<239>Par vos soins généreux je parvins à l'empire,
Ma seule intention, mes désirs et mes vœux
Étaient de rendre Rome et mes amis heureux.
Le ciel qui me traverse, et le destin contraire,
Détruisent maintenant ce projet salutaire;
Leur courroux n'a point su me ravir les moyens
De sauver mes amis et mes concitoyens.
Sans que Vitellius dans votre sang se baigne,
Je lui cède mes droits; qu'il triomphe et qu'il règne :
L'empire veut un maître, il n'en peut avoir deux;
Qu'il possède un pouvoir souvent si dangereux,
Et, quoique usurpateur, désormais magnanime,
A force de bienfaits qu'il efface son crime,
Et prépare aux Romains des destins fortunés.
Des mains de ces cruels contre vous acharnés
Demain par mon trépas j'arracherai les armes .. .
Mais quels cris, quels sanglots et quel torrent de larmes!
Serai-je, hélas! l'objet de ces vertueux pleurs?
Je suis trop fortuné, j'ai régné sur vos cœurs,
D'un désespoir mortel vos fronts portent le signe;
D'amis si généreux Othon se rendra digne :
Dans un pouvoir sans borne à mes soins confié,
Je conservais un cœur sensible à l'amitié.

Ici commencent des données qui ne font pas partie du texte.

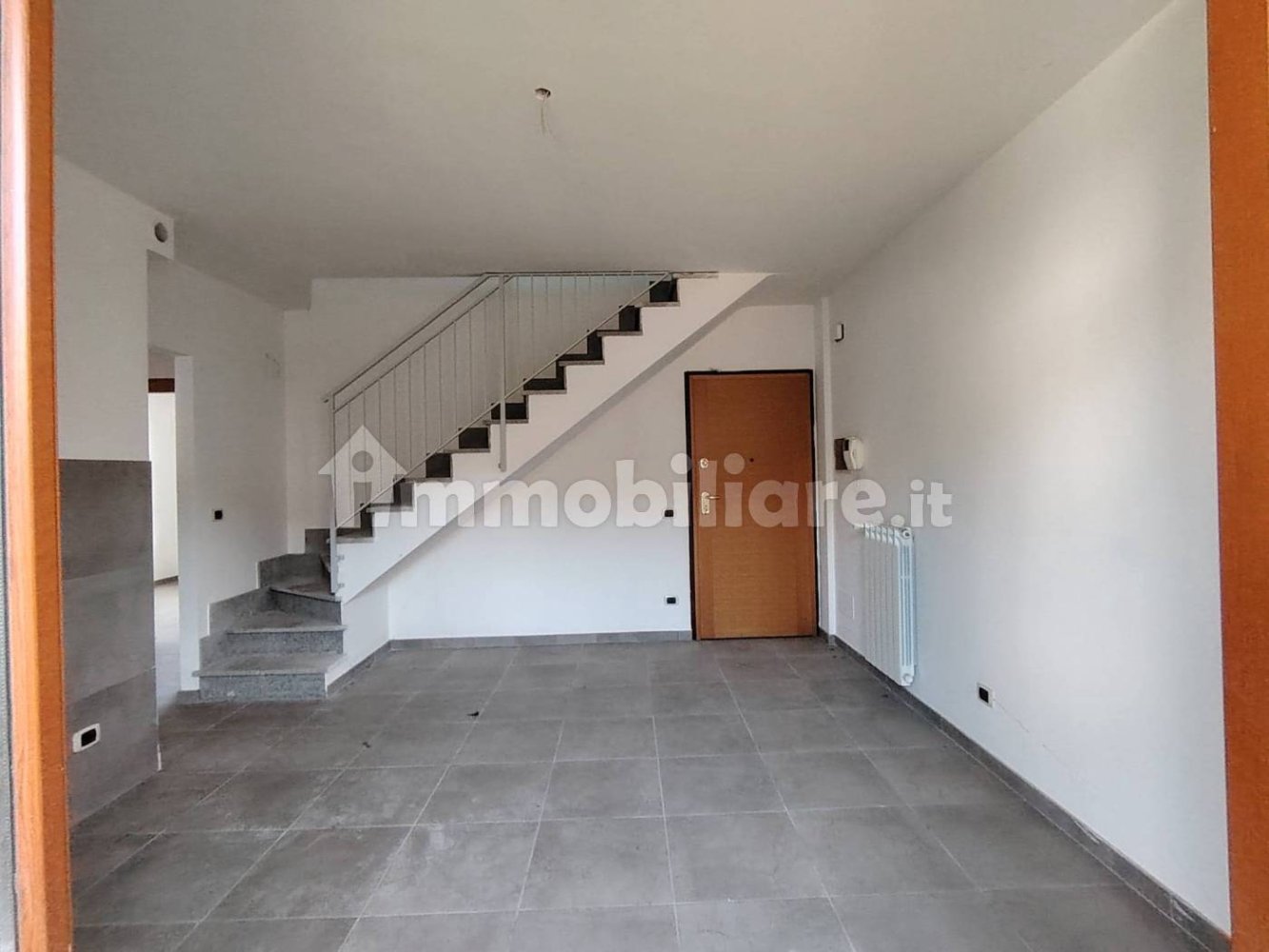 3 bedrooms Apartment in Monte Compatri, Italy No. 218220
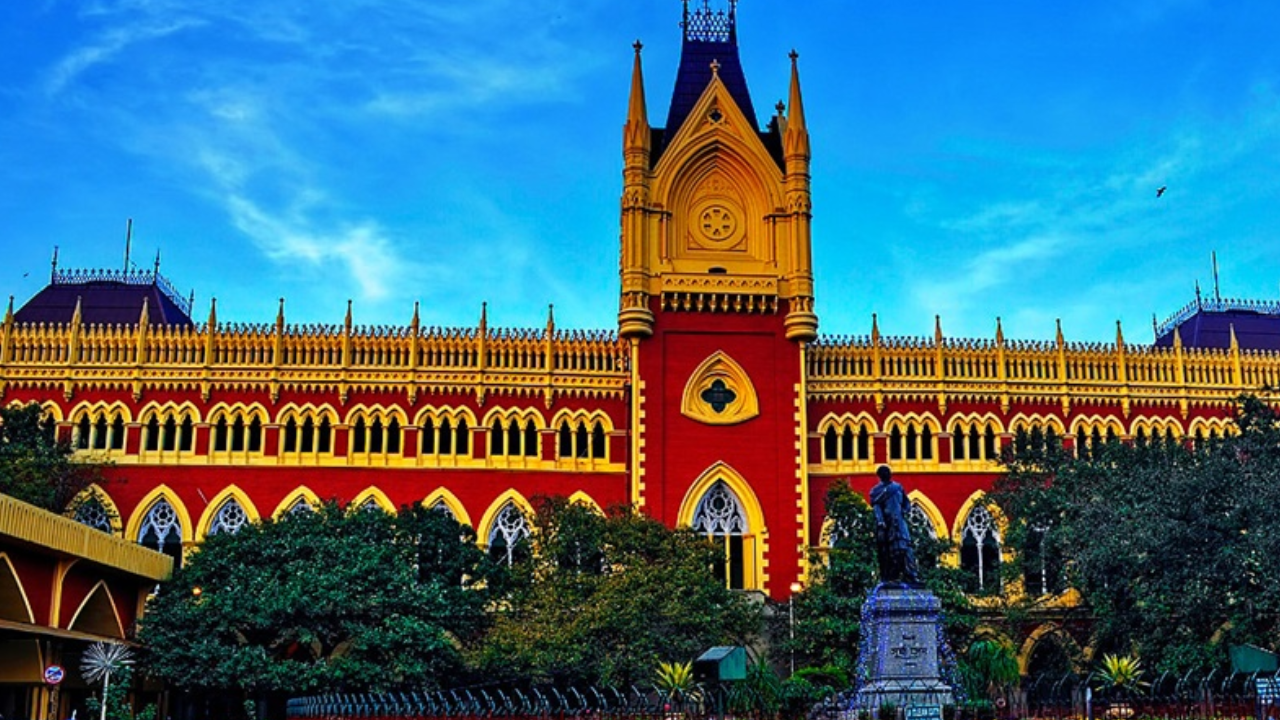 Calcutta HC cancels leave till march 9 for judicial officers on SIR work; 173 picked to dispose of 45L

Un simple citoyen eut l'âme assez hardie
Pour dévouer ses jours au bien de la patrie;
Si Décius fournit un tel trait de grandeur,
Que n'attends-tu donc pas, Rome, d'un empereur?
C'est lui qui pour l'État doit présenter sa tête,
Pour conjurer l'orage et calmer la tempête;
Othon, né citoyen, doit ses jours à l'État,
Il vous les doit à vous, s'il n'a le cœur ingrat.